[Short web captions]
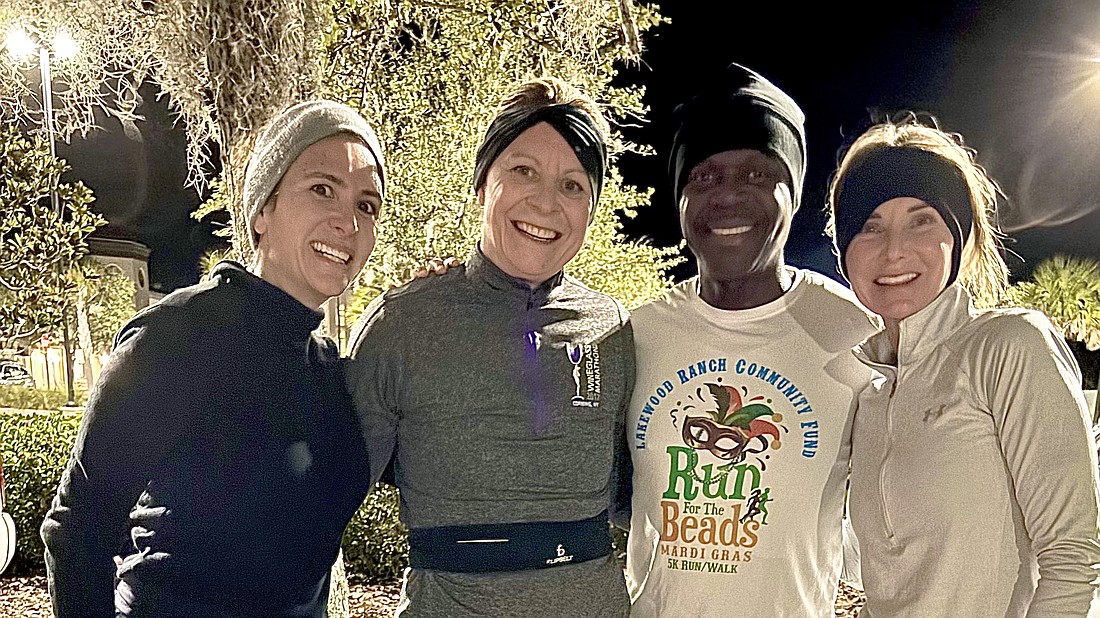 Lakewood Ranch Running Club's Lorena Barona, Monika Oberer, Woodford Joseph and Alexis Dwyer pose after a run. Oberer credits her club members for helping motivate her and train for the Tokyo marathon in March.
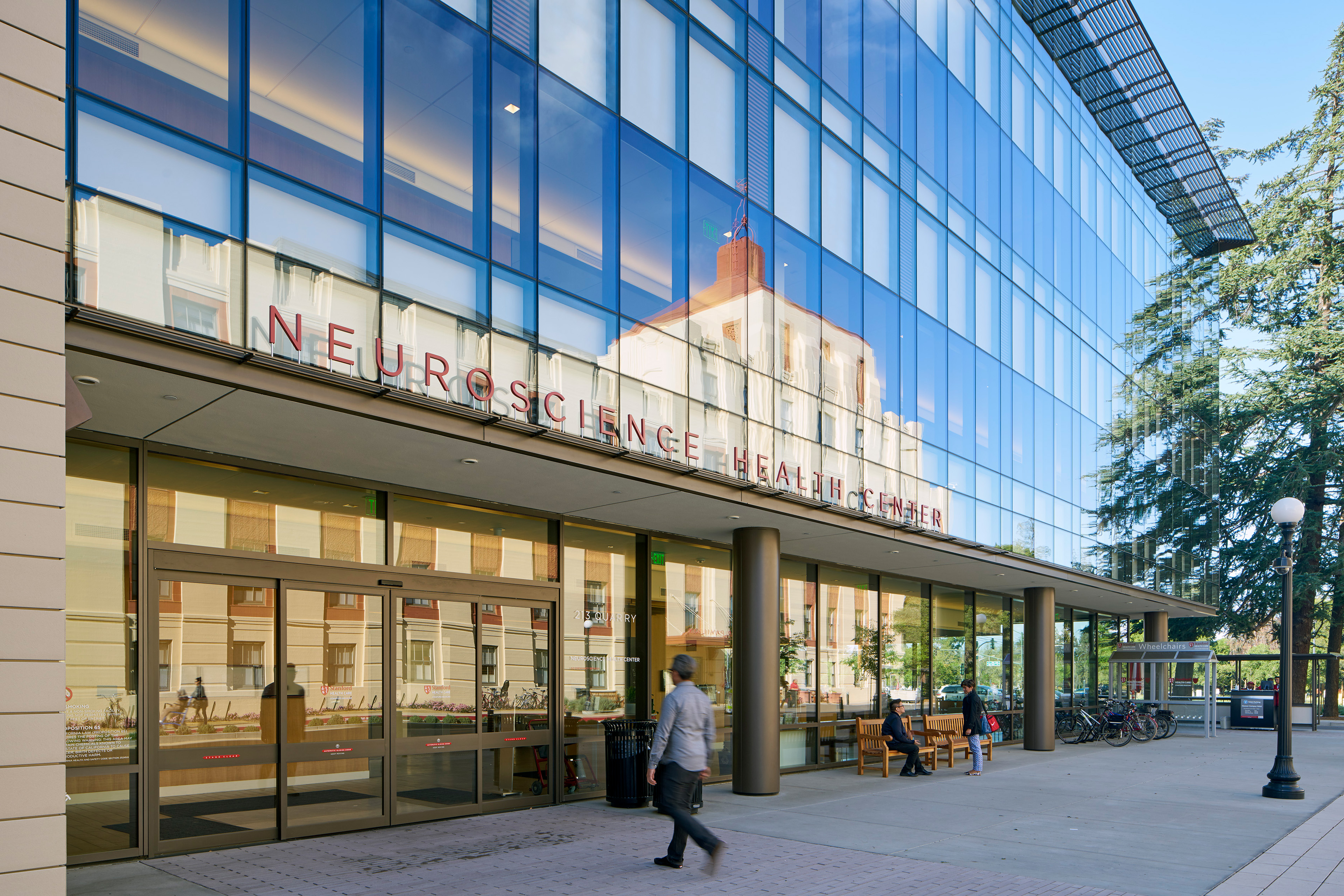 Main entrance to the Neuroscience Health Center with a reflective glass façade, entrance canopy, benches, bicycle parking, and visitors moving through the plaza.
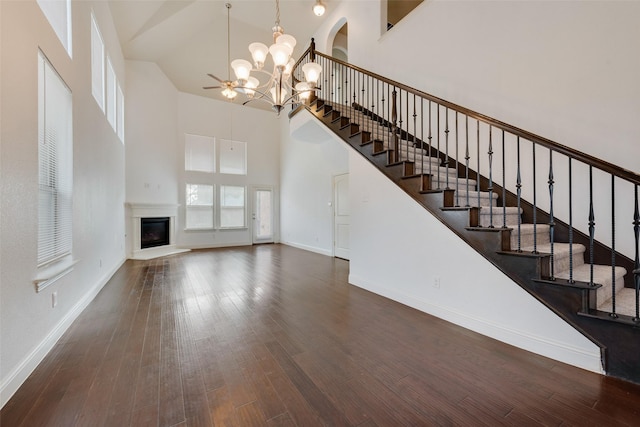 unfurnished living room featuring an inviting chandelier, dark wood-type flooring, and a high ceiling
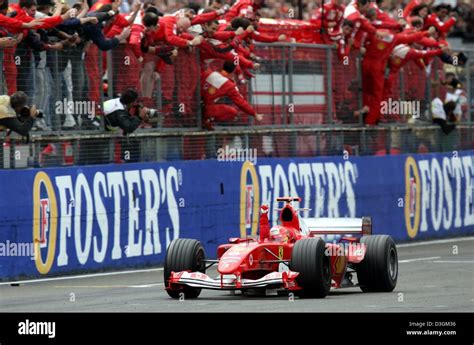 (dpa) - The Ferrari team cheer as German formula one pilot Michael ...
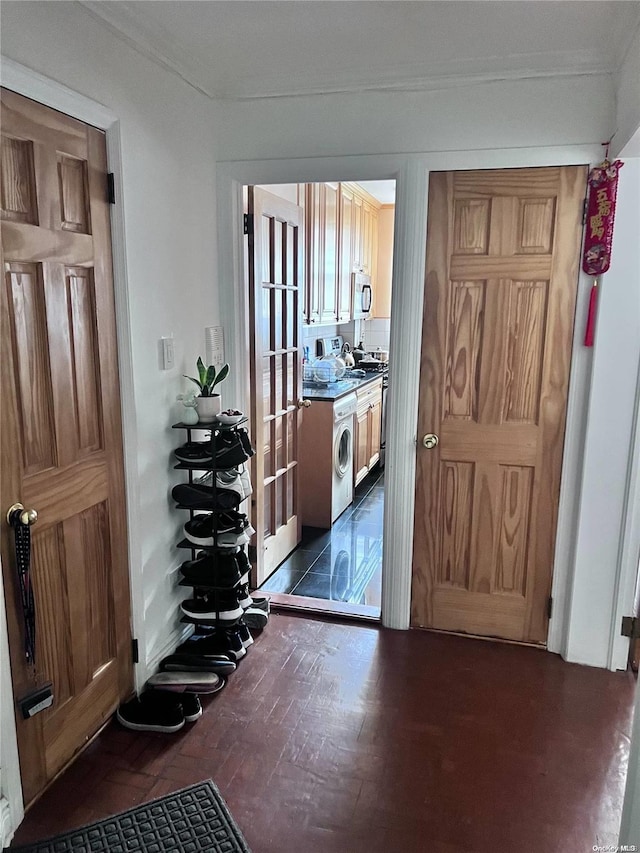 interior space featuring dark hardwood / wood-style flooring and washer / clothes dryer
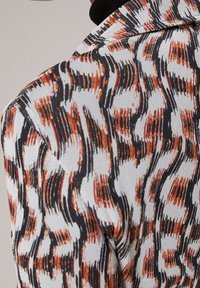 Veste ajustée en tissu texturé avec un motif ondulé dans des teintes orange, noir et blanc ; revers détaillé et épaules structurées.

WHAT THE TASK ASKS
Without the pictures, return the whole of the data exactly as given.

RESULT FOR THIS TASK
 Lakewood Ranch Running Club's Lorena Barona, Monika Oberer, Woodford Joseph and Alexis Dwyer pose after a run. Oberer credits her club members for helping motivate her and train for the Tokyo marathon in March.
 Main entrance to the Neuroscience Health Center with a reflective glass façade, entrance canopy, benches, bicycle parking, and visitors moving through the plaza.
 unfurnished living room featuring an inviting chandelier, dark wood-type flooring, and a high ceiling
 (dpa) - The Ferrari team cheer as German formula one pilot Michael ...
 interior space featuring dark hardwood / wood-style flooring and washer / clothes dryer
 Veste ajustée en tissu texturé avec un motif ondulé dans des teintes orange, noir et blanc ; revers détaillé et épaules structurées.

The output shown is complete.